Все окончив, завершив дело жизни, Жан Мелье умер. Историкам, несмотря на предпринятые старания, не удалось найти в документах дату его смерти и похорон или его могильной плиты. В приходской церковной книге нет записи о его похоронах! Есть записи о совершенных им требах в мае 1729 года. Последний подписанный Мелье документ, недавно найденный, это совершенный 27 июня 1729 года акт о его отказе от прав на часовню де Те в пользу такого-то. 7 июля — опись имущества покойного Жана Мелье… 9 июля — запись о назначении в Этрепиньи нового священника Антуана Гильотена. Итак, Жан Мелье скончался не раньше 28 июня и не позже 6 июля 1729 года — в пределах этой недели.
Само молчание церковной книги кричит. Со священником, кюре не могли после смерти обойтись хуже, чем с любым бедняком прихожанином, похороны которого всегда записывались. Это молчание почти наверняка говорит о том, что покойный кюре был признан самоубийцей и не был предан земле по положенному обряду. И в самом деле, имя Жана Мелье впоследствии постоянно сопровождалось утверждением, что этот кюре-атеист в шестидесятипятилетнем возрасте, почти ослепнув, ускорил свою смерть, запершись один в своем доме и отказываясь от пищи и питья.

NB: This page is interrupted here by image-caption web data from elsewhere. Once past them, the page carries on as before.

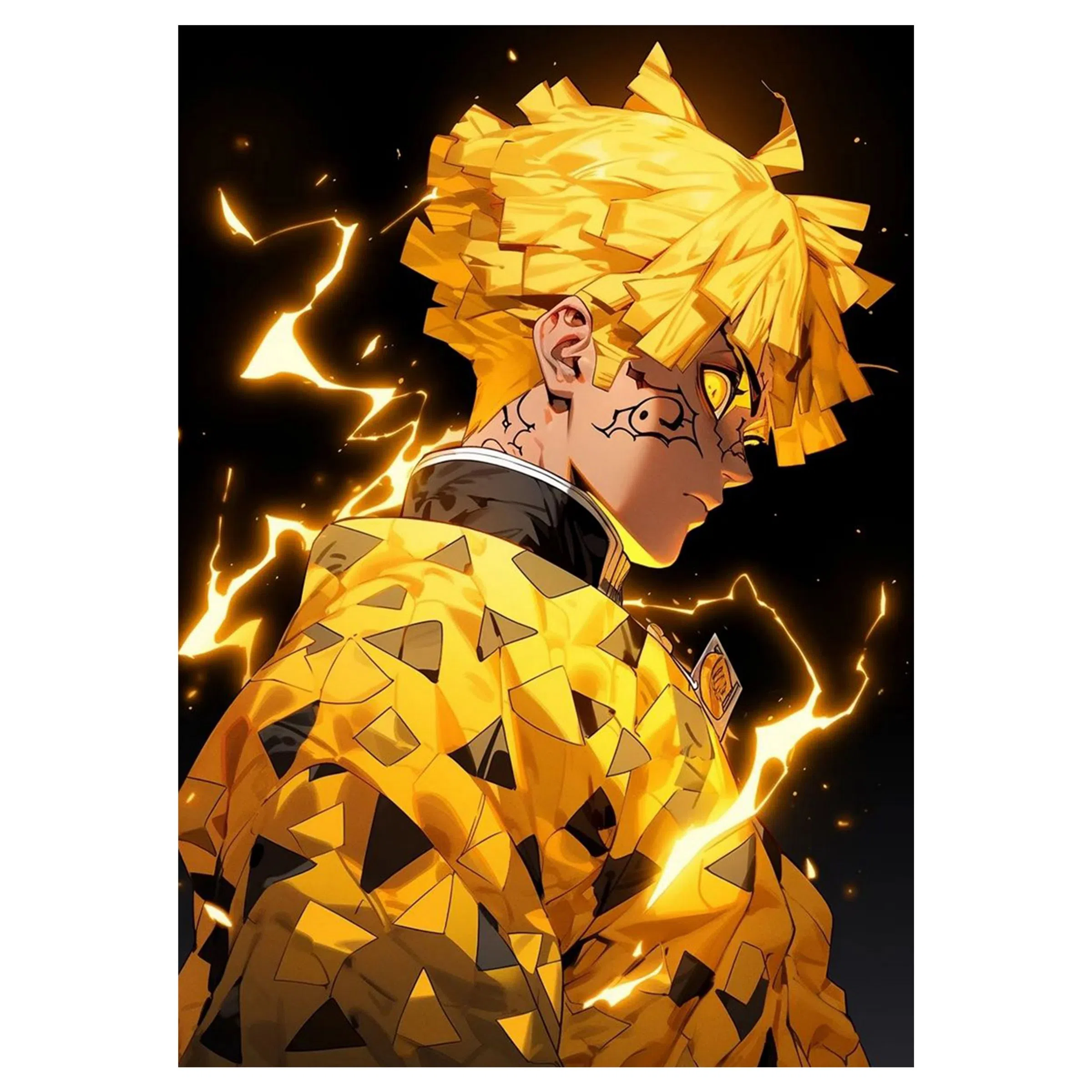 تابلو شاسی لیمینات طرح انیمه شیطان کش زنیتسو Demon Slayer Zenitsu مدل NV1552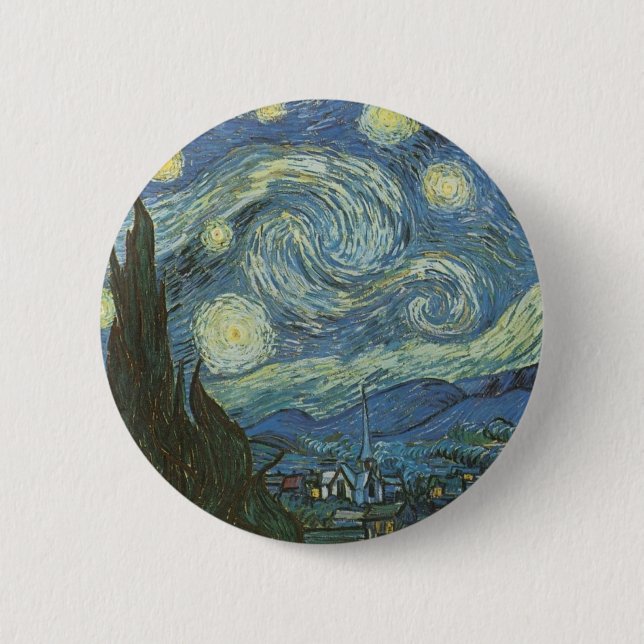 Chapa Redonda De 5 Cm Noche estrellada de Vincent Van Gogh (Anverso)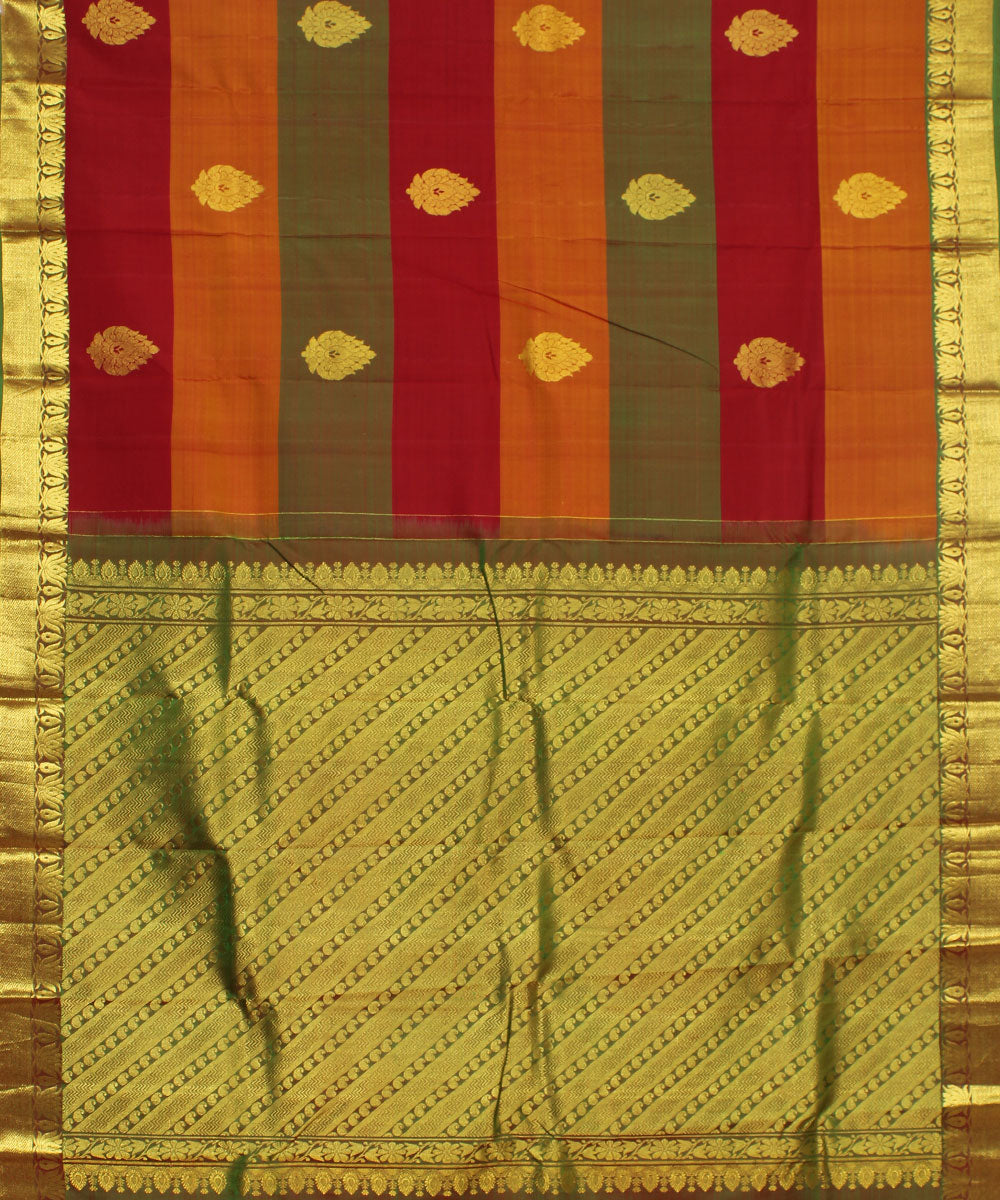 Handwoven Red, Orange and Green Silk Saree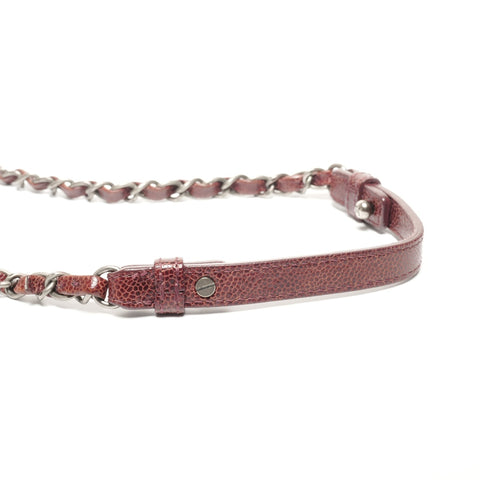 CHANEL No. 18 2013-2014 Leather Chain Flap Matelasse Shoulder Bag Red WS25347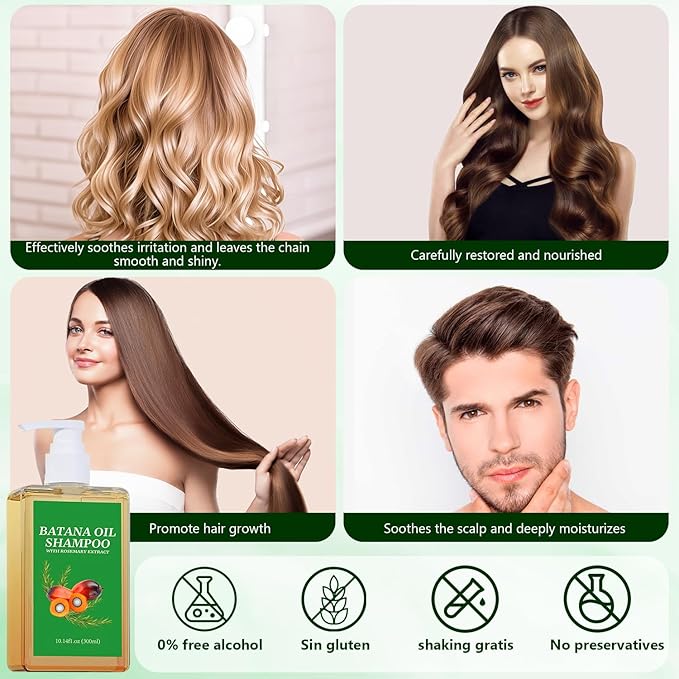 2Pcs Batana Oil Shampoo for Hair Growth,Rosemary Shampoo for Thinning Hair,Nourishing & Regenerating Hair-Soft and Fluffy for Men & Women-10.14 fl oz/Pcs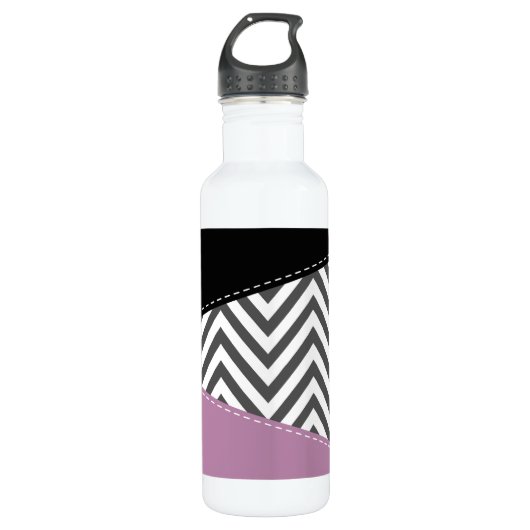 Grijze zigzag, Grijze Chevron, Zigzag Pattern, Paa Waterfles (Voorkant)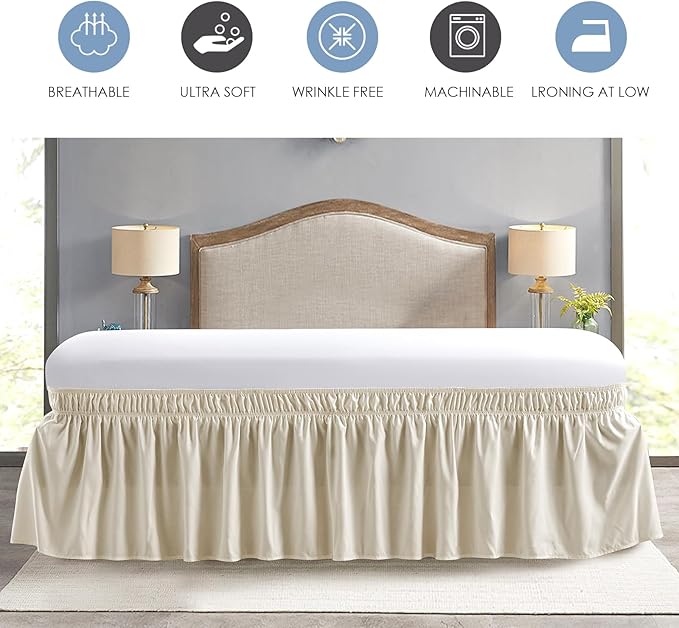 FreshCulture King Bed Skirt, Dust Ruffle for King Size Bed, Easy Fit with 15-Inch Tailored Drop, Elastic Wrap Around Bed Skirt King Size, Hotel Quality Bed Skirts for Adjustable Bed (Cream)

Если допустить, что это правда, мы слишком хорошо знаем все тайники мыслей Мелье, чтобы истолковать умерщвление им себя как акт усталости и отчаяния. Если он в самом деле решил так сделать, то причина могла быть только одна: закончив труд и разместив три экземпляра согласно плану, он уже же хотел подвергать предусмотренный ход событий никаким случайностям. Ведь его дальнейшая жизнь могла быть лишь посторонней и случайной по отношению к завершенной жизни. Чтобы все шло в соответствии с абстрактной и совершенной логикой великого замысла, Мелье мог ускорить свой конец. В пользу такого представления можно привести одно место из письма Мелье к кюре соседних приходов: «И если вы сочтете меня достойным похвалы, я не подумаю гордиться этим, я не жду от вас ни похвал, ни упреков, ни даже чтобы вы ответили мне, потому что я скоро умру. И я должен оставить мир, то есть я должен окончить свои дни до того, как это письмо будет вам передано». Это можно истолковать как план действий. В таком случае эта смерть скорее похожа на подвиг воина, чем на слабость старца.